Reasons for a palace conspiracy in the guard accumulated enough. Being a smart man, Peter III understood that it was dangerous to trust the “Russian Praetorians” with his life. And he decided to create his own personal guard - the Holstein Regiment under the command of General Gudovich, but managed to form only one battalion of 1,590 people. After Russia's strange end to its participation in the Seven Years' War, the Holstein-Gothorpe and Danish nobles were in no hurry to Petersburg, which clearly sought to pursue an isolationist policy that did not promise any benefits to the professional military. Desperate rogues, drunkards and people of dubious reputation were recruited into the Holstein Battalion. And the peacefulness of the emperor alarmed the mercenaries - double salaries were paid to Russian military personnel only during the period of hostilities. Peter III, however, was not going to deviate from this rule, especially since the state treasury was thoroughly devastated during the reign of Elizabeth Petrovna.

Chancellor Mikhail Illarionovich Vorontsov and Actual Privy Councilor and at the same time Life Secretary Dmitry Ivanovich Volkov, seeing the liberal mood of the emperor, immediately began to prepare the highest manifestos, which Peter III, unlike Anna Leopoldovna and Elizabeth Petrovna, not only signed, but also read. He personally corrected the text of the draft documents, inserting his own rational critical judgments into them.

So, according to his Decree of February 21, the sinister Secret Chancellery was liquidated, and its archive "to eternal oblivion" was transferred to the Governing Senate for permanent storage. Fatal for any Russian filed formula "Word and deed!", Which was enough to "test on the rack" of anyone, regardless of his class affiliation; it was forbidden even to pronounce it.

In his programmatic “Manifesto on the Liberty and Freedom of the Russian Nobility” dated February 18, 1762, Peter III generally abolished physical torture of representatives of the ruling class and provided them with guarantees of personal immunity, if this did not concern treason to the Fatherland. Even such a "humane" execution for the nobles as cutting the tongue and exile to Siberia instead of cutting off the head, introduced by Elizaveta Petrovna, was prohibited. His decrees confirmed and expanded the noble monopoly on distillation.

Russian nobility was shocked by the public process in the case of General Maria Zotova, whose estates were sold at auction in favor of disabled soldiers and crippled peasants for the inhuman treatment of serfs. The Prosecutor General of the Senate, Count Alexei Ivanovich Glebov, was ordered to begin an investigation into the case of many fanatical nobles. In this regard, the emperor issued a separate decree, the first in Russian legislation, qualifying the murder of their peasants by landowners as "tyrannical torment", for which such landowners were punished with life exile.

From now on, it was forbidden to punish peasants with batogs, which often led to their death - "for this, use only rods, with which to whip only in soft places in order to prevent self-mutilation."

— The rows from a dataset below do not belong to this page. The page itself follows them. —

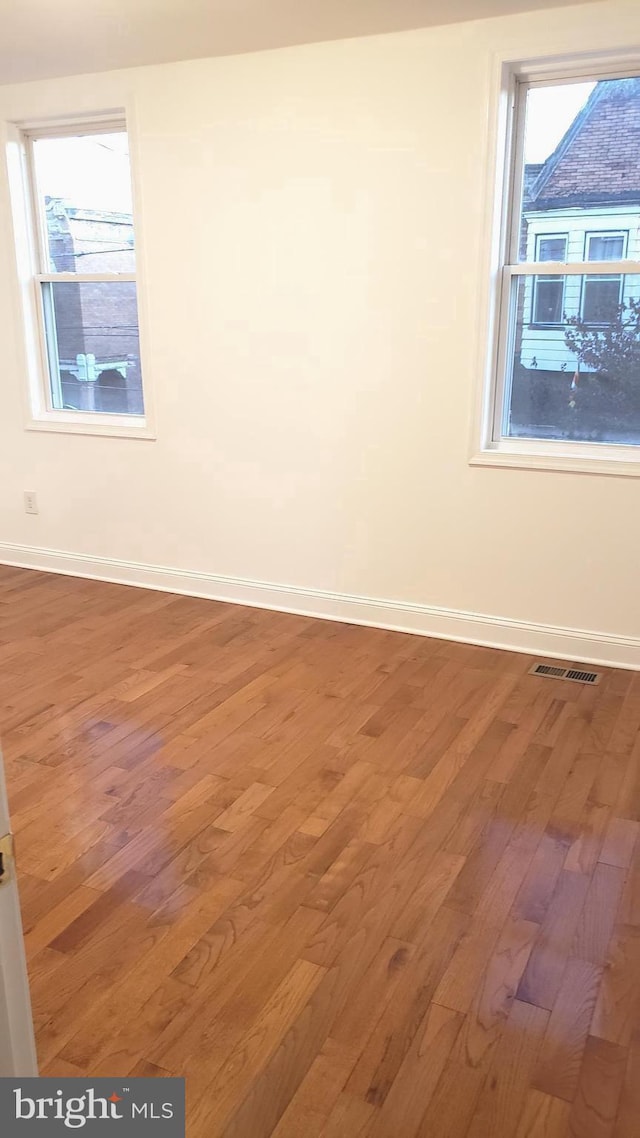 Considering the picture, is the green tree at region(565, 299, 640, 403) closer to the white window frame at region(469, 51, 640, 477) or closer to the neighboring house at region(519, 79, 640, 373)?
the neighboring house at region(519, 79, 640, 373)

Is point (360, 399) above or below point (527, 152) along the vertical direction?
below

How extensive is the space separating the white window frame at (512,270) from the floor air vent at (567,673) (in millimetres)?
804

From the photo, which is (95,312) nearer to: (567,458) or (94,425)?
(94,425)

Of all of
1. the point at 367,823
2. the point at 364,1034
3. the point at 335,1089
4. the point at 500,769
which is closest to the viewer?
the point at 335,1089

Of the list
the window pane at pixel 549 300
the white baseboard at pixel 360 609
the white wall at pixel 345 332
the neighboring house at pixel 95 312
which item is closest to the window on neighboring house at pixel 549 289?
the window pane at pixel 549 300

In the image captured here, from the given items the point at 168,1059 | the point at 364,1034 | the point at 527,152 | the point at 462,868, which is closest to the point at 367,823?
the point at 462,868

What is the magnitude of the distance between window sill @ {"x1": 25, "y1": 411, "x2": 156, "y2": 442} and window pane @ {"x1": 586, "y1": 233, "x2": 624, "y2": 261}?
7.20ft

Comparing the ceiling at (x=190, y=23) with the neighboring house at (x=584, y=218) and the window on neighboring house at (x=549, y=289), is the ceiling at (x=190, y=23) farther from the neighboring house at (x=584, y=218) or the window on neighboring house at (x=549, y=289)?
the window on neighboring house at (x=549, y=289)

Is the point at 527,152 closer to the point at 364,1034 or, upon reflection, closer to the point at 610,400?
the point at 610,400

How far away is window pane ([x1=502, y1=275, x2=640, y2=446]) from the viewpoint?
3461 mm

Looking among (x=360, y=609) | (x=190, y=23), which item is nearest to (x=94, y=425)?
(x=360, y=609)

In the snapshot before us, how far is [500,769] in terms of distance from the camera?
112 inches

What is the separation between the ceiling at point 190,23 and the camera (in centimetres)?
313

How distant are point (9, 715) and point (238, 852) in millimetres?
1237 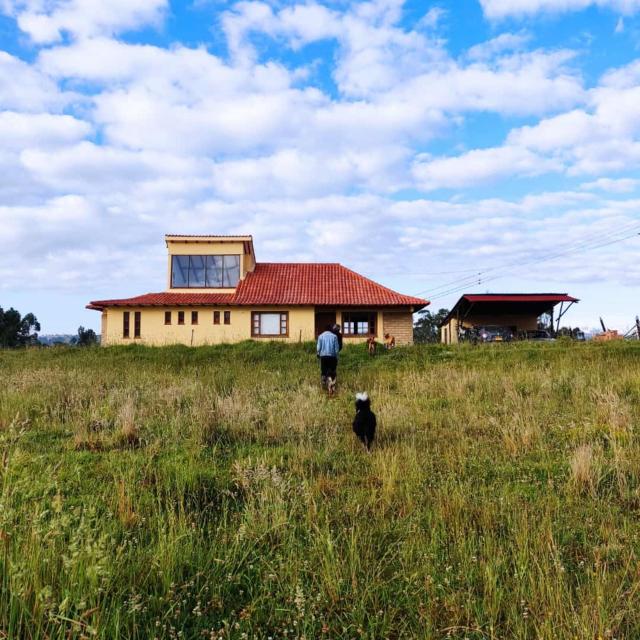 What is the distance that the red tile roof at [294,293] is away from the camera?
80.1 ft

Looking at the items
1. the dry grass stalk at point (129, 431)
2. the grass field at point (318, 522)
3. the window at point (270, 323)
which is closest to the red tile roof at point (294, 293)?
A: the window at point (270, 323)

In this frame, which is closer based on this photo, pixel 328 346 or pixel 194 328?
pixel 328 346

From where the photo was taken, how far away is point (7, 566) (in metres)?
2.40

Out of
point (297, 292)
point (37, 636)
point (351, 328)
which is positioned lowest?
point (37, 636)

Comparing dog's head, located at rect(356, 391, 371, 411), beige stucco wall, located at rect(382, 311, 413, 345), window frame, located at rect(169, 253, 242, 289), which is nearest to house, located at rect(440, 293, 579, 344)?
beige stucco wall, located at rect(382, 311, 413, 345)

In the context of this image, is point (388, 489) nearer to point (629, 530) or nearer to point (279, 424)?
point (629, 530)

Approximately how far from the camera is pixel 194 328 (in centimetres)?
2470

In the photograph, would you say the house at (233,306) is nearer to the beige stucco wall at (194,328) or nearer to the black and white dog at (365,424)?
the beige stucco wall at (194,328)

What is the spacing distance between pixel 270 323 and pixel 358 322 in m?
5.10

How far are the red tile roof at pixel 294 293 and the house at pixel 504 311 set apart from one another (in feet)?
19.8

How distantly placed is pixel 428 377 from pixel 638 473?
281 inches

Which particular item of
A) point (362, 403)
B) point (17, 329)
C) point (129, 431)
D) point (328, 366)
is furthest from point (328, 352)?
point (17, 329)

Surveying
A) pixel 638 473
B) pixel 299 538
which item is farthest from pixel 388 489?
pixel 638 473

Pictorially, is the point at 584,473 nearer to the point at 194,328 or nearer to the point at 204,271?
the point at 194,328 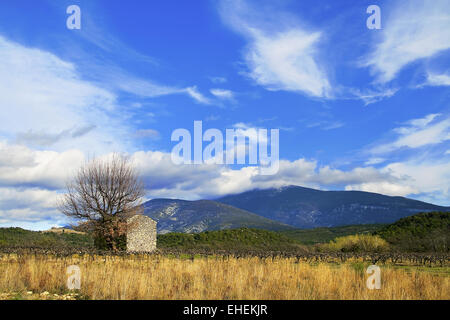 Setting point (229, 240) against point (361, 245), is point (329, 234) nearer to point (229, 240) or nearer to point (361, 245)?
point (229, 240)

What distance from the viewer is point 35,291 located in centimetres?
1333

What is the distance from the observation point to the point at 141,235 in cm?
4534

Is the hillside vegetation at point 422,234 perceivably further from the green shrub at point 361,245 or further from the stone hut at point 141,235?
the stone hut at point 141,235

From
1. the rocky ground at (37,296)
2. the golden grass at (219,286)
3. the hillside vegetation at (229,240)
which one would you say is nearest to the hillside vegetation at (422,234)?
the hillside vegetation at (229,240)

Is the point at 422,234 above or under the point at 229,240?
above

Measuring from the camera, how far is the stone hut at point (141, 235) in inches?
1652

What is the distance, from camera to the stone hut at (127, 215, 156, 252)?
42.0 m

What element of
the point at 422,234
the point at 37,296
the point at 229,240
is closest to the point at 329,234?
the point at 229,240

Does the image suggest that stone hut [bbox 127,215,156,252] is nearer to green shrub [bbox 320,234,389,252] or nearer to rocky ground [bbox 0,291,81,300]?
green shrub [bbox 320,234,389,252]

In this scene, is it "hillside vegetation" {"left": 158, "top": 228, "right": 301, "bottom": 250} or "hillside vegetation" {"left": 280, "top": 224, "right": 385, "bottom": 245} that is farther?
"hillside vegetation" {"left": 280, "top": 224, "right": 385, "bottom": 245}

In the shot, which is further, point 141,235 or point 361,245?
point 141,235

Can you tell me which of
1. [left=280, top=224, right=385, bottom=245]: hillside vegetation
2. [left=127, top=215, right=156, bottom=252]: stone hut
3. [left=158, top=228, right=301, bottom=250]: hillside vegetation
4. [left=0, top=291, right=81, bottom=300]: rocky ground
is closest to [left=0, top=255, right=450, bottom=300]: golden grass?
[left=0, top=291, right=81, bottom=300]: rocky ground

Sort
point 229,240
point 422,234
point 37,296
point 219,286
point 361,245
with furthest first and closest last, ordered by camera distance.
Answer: point 229,240
point 422,234
point 361,245
point 219,286
point 37,296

All fugitive peasants, Nekrasov sectarians and deserters who fled in tens of thousands for the most part to the border river Yaik, beyond the Urals, and even to the distant Commonwealth and Khiva in the reign of Elizabeth Petrovna, were amnestied. By Decree of January 29, 1762, they received the right to return to Russia not to their former owners and to the barracks, but as state serfs or were granted Cossack dignity in the Yaik Cossack army. It was here that the most explosive human material accumulated, from now on fiercely devoted to Peter III. The Old Believers-schismatics were exempted from the tax for dissent and could now live their way. Finally, all debts accumulated from the Cathedral Code of Tsar Alexei Mikhailovich were written off from privately owned serfs. There was no limit to popular rejoicing: prayers were offered to the emperor in all rural parishes, regimental chapels and schismatic sketes.

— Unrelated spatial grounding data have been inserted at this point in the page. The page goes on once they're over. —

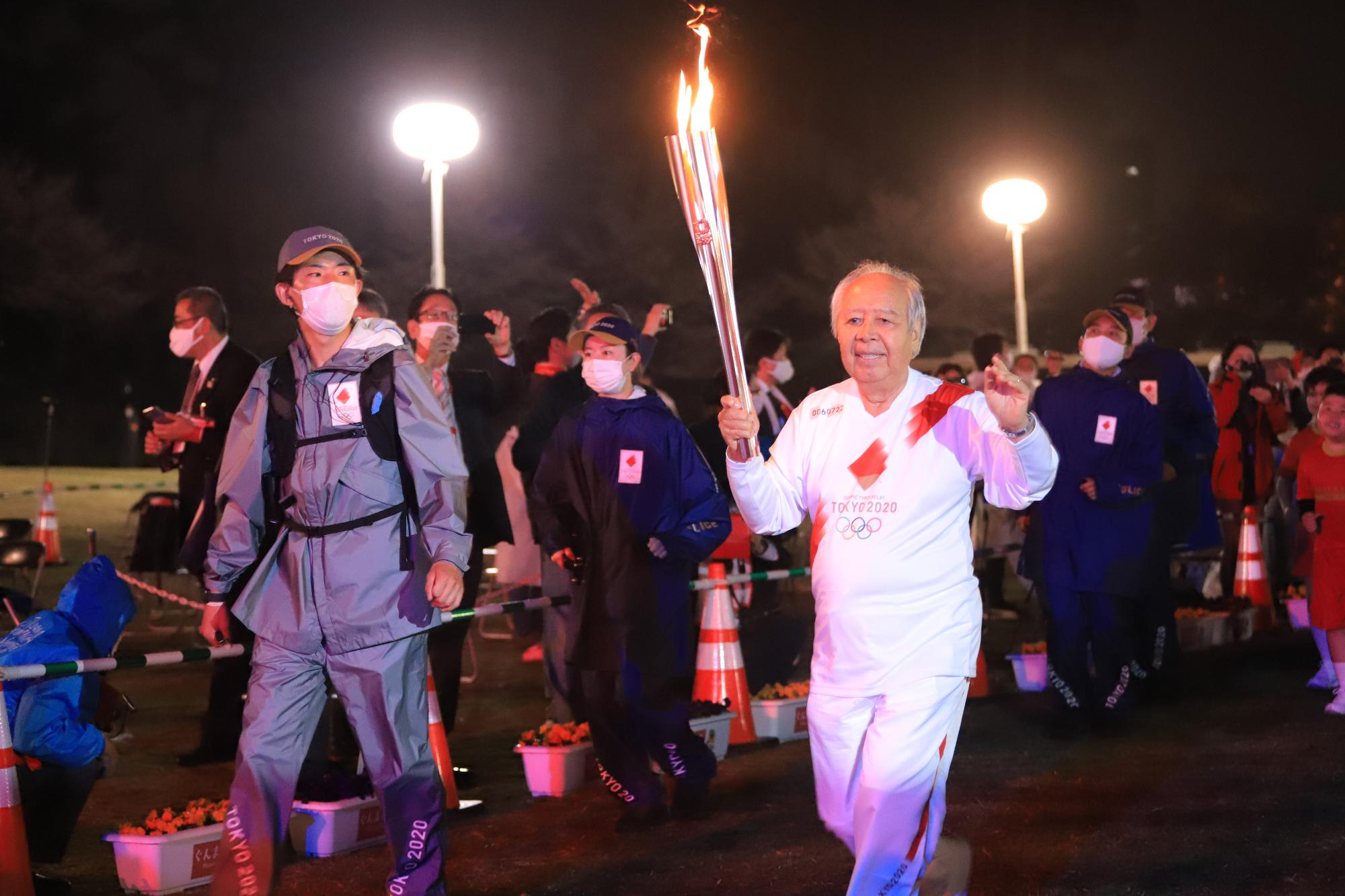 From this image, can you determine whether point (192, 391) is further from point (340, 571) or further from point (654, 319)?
point (340, 571)

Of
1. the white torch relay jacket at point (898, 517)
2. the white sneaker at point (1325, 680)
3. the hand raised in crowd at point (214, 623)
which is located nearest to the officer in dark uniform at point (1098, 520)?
the white sneaker at point (1325, 680)

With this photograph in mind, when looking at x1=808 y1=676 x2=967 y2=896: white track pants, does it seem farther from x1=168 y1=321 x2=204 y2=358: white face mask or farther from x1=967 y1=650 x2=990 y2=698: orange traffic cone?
x1=967 y1=650 x2=990 y2=698: orange traffic cone

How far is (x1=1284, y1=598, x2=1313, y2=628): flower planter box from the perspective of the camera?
12392mm

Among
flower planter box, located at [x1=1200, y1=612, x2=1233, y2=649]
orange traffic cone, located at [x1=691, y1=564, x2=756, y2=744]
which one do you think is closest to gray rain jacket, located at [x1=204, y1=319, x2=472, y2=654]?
orange traffic cone, located at [x1=691, y1=564, x2=756, y2=744]

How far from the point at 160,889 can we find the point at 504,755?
2804 mm

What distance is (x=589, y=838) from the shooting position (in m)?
6.13

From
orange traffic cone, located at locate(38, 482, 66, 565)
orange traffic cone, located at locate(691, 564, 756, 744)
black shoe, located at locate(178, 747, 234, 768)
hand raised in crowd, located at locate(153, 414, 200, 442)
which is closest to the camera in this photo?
hand raised in crowd, located at locate(153, 414, 200, 442)

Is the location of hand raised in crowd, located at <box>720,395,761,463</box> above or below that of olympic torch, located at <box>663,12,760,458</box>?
below

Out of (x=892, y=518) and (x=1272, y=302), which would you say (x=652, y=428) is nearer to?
(x=892, y=518)

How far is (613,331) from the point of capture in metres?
6.57

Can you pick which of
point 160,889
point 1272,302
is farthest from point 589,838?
point 1272,302

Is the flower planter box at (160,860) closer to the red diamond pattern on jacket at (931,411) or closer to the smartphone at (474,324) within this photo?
the red diamond pattern on jacket at (931,411)

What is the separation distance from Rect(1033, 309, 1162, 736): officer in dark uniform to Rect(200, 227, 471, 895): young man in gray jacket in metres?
4.73

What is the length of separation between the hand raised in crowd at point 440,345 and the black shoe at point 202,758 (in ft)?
7.73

The merchant class also turned out to be treated kindly. By personal decree of the emperor, duty-free export of agricultural goods and raw materials to Europe was allowed, which significantly strengthened the country's monetary system. To support foreign trade, the State Bank was established with a loan capital of five million silver rubles. Merchants of all three guilds could get a long-term loan.

Peter III decided to complete the secularization of church land holdings, begun shortly before his death by Peter the Great, by decree of March 21, 1762, limiting the immovable property of all rural parishes and monasteries to their fences and walls, leaving them the territory of cemeteries, and was also going to prohibit representatives of the clergy from owning serfs and artisans. Church hierarchs greeted these measures with frank discontent, and joined the noble opposition.

This led to the fact that between the parish priests, who were always closer to the masses, and the provincial nobles, who held back government measures that somehow improved the situation of the peasants and working people, and the "white clergy", who constituted a stable opposition to the growing absolutism from Patriarch Nikon, lay the abyss. The Russian Orthodox Church no longer represented a single force, and society was split. Having become Empress, Catherine II canceled these decrees in order to make the Holy Synod obedient to her authority.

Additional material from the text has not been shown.